If you’re in the market for a new storage array, there is a long list of features you take for granted, right? And storage services are one of them. Unlimited snapshots, data replication, and even storage analytics are common now. But these services are not meant to work with data, they are designed to operate on its containers. All the intelligence and smartness are left to the upper layers of the systems.
Most of these services were born when block was the primary access method; then files added something to it, but, even if the container had become the file, these services never touched the content.
First attempt at data services
In recent years, a growing number of storage startups began looking more at the content than the container. The first thing they examined was analytics.
Analyzing data while it is stored or accessed is not a bad idea, and this can give you a lot of insights, not only on workloads. It can be very useful in many other use cases, including auditing, security, compliance, and more. For example, scanning files while they are saved can give you a lot of information about their content, make them easier to search, but also to see in real time if you are storing something that is forbidden or should be encrypted (i.e. credit card numbers).
This is a step further but, again, it’s still not enough if you are piling up huge amounts of data and want to automate the largest possible number of processes.
It’s time for real data services
Large cloud providers and some innovative storage startups – including OpenIO, the company I work for – are now talking about serverless computing, and there are a couple of reasons for this. The first is that practically all these data services are based on object storage, because of the rich metadata capabilities, and the second is that most of them are triggered by events, which are much easier to generate and intercept at an object level.
The mechanism is quite simple. Any operation you do on an object generates an event, and events are passed to applications installed on the storage system. The application that receives the event also receives information on the object itself and can perform operations on it. This approach is simple and offloads a lot of activity directly to the storage system, which becomes the ultimate hyperconverged system, without the complexity of any orchestration tool, hypervisor, container, operating system, and so on. There’s just applications and data.
We are currently working with one of our customers to simplify the management of a large video archive. By adopting OpenIO SDS (our object storage platform) and Grid for Apps (our serverless framework), we created a smart video repository that saved the customer a huge amount of work, reduced their infrastructure, automated procedures, and, eventually, simplified access to these videos.
The process is straightforward. The customer, because of processes already in place, uses OIO-FS (our file system gateway) to interact with the object store, and writes files directly to an NFS shared volume.
When a file is ingested and saved to the object store, an event is created and an application starts with the scope of performing a couple of operations:
- Several additional files are generated in different sizes, and the customer’s logo is superimposed in the bottom-right of each frame;
- For each new video, metadata is updated with all the necessary information coming from the additional data.
This process is asynchronous and doesn’t impact system performance; only unused resources are leveraged for encoding the new videos.
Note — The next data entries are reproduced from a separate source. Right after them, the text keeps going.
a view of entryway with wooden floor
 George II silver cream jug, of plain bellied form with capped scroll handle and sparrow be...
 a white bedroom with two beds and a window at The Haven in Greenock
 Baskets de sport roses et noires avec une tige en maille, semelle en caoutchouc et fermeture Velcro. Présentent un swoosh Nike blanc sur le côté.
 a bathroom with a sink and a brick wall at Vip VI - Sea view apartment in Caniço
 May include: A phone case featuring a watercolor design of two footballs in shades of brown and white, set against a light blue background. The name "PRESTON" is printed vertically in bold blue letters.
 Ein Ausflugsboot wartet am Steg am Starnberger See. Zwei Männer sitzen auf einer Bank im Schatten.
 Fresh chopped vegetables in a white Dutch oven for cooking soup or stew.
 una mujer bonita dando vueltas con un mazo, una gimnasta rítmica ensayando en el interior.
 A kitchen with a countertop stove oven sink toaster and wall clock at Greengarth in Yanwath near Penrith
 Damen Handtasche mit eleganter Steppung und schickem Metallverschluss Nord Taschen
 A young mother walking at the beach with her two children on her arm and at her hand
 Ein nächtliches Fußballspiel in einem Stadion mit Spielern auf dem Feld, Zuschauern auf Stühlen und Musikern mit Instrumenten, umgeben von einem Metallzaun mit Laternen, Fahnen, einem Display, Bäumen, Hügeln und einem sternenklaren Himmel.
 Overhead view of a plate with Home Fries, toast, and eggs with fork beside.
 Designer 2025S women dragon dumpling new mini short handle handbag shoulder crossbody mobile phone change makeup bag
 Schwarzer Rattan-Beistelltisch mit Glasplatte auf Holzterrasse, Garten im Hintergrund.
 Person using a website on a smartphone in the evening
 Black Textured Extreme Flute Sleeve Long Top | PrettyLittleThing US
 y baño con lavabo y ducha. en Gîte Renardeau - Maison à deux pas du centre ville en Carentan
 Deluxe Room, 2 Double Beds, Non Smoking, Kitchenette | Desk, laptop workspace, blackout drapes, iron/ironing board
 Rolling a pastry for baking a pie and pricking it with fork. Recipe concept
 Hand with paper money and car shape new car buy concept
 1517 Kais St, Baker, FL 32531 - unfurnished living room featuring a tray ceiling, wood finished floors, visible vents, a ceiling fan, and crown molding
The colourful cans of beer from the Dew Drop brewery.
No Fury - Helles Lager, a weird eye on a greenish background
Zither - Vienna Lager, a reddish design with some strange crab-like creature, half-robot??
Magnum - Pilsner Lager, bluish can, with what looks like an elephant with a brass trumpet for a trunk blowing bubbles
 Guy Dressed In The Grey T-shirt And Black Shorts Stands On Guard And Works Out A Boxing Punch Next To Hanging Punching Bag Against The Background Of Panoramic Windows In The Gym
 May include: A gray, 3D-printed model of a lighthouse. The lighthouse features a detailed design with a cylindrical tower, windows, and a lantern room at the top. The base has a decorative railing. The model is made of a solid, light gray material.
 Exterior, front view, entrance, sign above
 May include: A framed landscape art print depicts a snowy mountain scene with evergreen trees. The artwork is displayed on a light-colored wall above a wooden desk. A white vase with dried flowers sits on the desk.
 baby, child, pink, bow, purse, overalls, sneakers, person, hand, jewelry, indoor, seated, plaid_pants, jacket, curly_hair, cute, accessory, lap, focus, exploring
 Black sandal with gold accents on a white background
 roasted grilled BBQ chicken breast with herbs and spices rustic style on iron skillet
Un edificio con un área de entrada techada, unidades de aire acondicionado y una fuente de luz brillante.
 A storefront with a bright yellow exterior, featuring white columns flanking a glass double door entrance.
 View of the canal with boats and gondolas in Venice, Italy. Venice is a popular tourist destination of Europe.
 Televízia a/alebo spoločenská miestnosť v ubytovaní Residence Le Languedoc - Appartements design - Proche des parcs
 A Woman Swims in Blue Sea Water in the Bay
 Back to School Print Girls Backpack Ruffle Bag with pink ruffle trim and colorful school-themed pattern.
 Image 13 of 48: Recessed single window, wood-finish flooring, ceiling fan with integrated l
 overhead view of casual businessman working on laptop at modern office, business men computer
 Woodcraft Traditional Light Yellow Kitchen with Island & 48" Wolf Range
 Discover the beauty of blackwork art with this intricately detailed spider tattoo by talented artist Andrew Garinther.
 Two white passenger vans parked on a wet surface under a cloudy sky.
At the same time these new files become accessible through standard interfaces like S3, Swift, and direct HTTP gets, allowing customers to use the object store to serve videos directly to the internet and to any device without any additional components.
By combining object storage and the right serverless framework, the number of applications you can run directly on the storage system, while offloading the rest of the infrastructure, is practically endless. Some of these applications are more interesting than others at the moment (such as data analytics, index and search, video, etc.), but the future holds much more than that. Deep learning, AI, and Industrial IoT are just around the corner, and with OpenIO technology they will be available to anyone at affordable prices.
As before, for all other types of storage systems, some features are becoming common. Scale out, S3 compatibility, erasure coding, geo replication, software-defined storage on commodity hardware, and more; would you buy a storage platform today without these characteristics? OpenIO has all of them. In fact, that’s not even our differentiator. Grid for Apps, the unmatched flexibility we achieve thanks to our architecture design, and Conscience technology are what makes our solution ready for the challenges of today and tomorrow.